In den Schlussminuten warf Zollikon alles nach vorne und tauchte bei Standardsituationen einige Male gefährlich vor dem Herrliberger Gehäuse auf. Allzu viel Glück aber mussten die Gäste nicht beanspruchen – zu hektisch und zu wenig einfallsreich trugen die Zolliker ihre Angriffe vor. „Ich bin ein wenig enttäuscht von der Leistung unseres Gegners“, sagte Kobel nicht ohne Grund. „Aus Erfahrung weiss ich, dass der SCZ viel mehr kann, als er in diesem Startspiel zeigte.“ Ziemlich frustriert war sein Gegenüber, Zollikons Trainer Christian Stengele (oben im Bild): „Ich sah eine Mannschaft, die hohe Ziele verfolgt und hierfür in den letzten Wochen rackerte, und eine, die lieber den Sommer genoss und Ferien machte“, sagte er. „Das gab den Ausschlag zugunsten der stark aufspielenden Herrliberger.“

Tatsächlich: Während Kobels Spieler in den vergangenen zwei Monaten drei Mal wöchentlich trainiert hatten, am Sonntag vollzählig anwesend waren und die Spielphilosophie ihres neuen Trainers bereits erstaunlich gut umzusetzen wussten, hatten sich mehrere Zolliker Spieler erst in der Woche vor dem ersten Saisonspiel im Trainingsbetrieb zurückgemeldet oder fehlten gar noch.

In den nächsten Wochen verreisen weitere Teamstützen in die Ferien. So wird’s selbstredend schwierig, die unverändert hohen Saisonziele zu erreichen: Die 1. Mannschaft möchte sich wenn möglich unter den ersten drei Mannschaften, sicher aber in der vorderen Tabellenhälfte klassieren.
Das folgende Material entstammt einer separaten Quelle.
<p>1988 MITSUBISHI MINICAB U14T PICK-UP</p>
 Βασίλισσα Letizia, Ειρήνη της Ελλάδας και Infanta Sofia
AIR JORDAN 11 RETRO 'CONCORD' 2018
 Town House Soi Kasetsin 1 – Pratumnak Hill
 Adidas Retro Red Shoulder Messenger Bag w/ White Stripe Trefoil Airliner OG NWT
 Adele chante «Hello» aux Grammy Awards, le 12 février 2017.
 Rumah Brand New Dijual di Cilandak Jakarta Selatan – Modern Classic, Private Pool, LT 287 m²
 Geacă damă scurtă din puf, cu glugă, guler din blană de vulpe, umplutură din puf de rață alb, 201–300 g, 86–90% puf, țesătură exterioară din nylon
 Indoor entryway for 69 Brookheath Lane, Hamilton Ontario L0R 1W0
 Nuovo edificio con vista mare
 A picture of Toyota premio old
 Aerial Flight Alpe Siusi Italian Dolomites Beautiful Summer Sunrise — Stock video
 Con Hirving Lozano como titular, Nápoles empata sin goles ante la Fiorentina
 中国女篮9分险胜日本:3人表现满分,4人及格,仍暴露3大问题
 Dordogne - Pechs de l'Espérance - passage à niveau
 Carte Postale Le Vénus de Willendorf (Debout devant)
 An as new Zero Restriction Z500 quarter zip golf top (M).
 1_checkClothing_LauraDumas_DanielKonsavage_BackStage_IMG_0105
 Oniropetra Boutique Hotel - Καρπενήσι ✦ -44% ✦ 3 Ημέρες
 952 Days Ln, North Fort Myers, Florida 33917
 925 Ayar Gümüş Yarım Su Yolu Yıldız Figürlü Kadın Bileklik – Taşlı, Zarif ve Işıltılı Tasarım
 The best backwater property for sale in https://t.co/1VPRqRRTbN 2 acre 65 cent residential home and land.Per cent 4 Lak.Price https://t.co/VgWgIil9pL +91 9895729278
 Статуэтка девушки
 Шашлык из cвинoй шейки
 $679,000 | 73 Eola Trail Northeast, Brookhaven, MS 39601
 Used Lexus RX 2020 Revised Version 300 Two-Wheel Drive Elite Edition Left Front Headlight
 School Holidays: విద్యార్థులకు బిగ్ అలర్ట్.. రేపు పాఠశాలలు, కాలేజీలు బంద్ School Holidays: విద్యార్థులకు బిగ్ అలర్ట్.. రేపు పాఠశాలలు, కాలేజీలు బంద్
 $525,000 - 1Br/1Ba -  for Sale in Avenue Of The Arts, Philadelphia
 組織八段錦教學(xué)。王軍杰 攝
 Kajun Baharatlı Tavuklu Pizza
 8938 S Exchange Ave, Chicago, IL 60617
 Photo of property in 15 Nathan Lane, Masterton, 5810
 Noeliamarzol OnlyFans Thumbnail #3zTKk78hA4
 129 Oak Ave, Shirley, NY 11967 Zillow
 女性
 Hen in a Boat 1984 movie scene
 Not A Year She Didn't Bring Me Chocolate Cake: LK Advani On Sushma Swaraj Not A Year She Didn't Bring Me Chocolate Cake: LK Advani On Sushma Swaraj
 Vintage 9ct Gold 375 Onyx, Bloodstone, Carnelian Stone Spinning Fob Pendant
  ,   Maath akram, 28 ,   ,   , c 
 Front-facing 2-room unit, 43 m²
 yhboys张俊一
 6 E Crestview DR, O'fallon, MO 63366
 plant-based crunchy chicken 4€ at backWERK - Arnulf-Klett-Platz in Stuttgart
In Erinnerung gerufen sei ihr: Auf Glück hoffen sollten nur die Tüchtigen!

Telegramm

SC Zollikon – FC Herrliberg 1:2 (0:1).

Riet, 140 Zuschauer.

Tore: 21. 0:1. 52. 0:2. 72. Felder (Penalty) 1:2.

SCZ: Erne; Oechslin, Mioc, De Nard (68. Dugandzic), Martin; Oettli (73. Glarner), Felder; Camichel, Y. Rämi (84. Gubler), A. Schärer; Spalinger.

FCH: Lichtin, Avolio (77. Carlson), Furrer, Siegrist, Lustgarten; Al Obadi (86. Vizner), Oertig (46. Dangel, 77. Dimitrovski), Ledergerber, Schuhmacher (73. Perucchini), Linder (30. Würmli, 73. Oertig), Dimitrovski (46. Linder, 81. Grimm).

Bemerkungen: 83. Tor Herrliberg wegen Abseits aberkannt. Gelbe Karten gegen Linder, Avolio, Oertig (alle wegen Foulspiels) sowie Dugandzic (Reklamieren). SCZ ohne Lionzo und Salih (beide gesperrt), Fuchs (Militär), Landolt (Ferien) und Nashid, Scheidegger und Schmid (Einsatz bei den A-Junioren). Beim SCZ nicht eingesetzt: O’Brien, Bühlmann, Montezin, M. Schärer.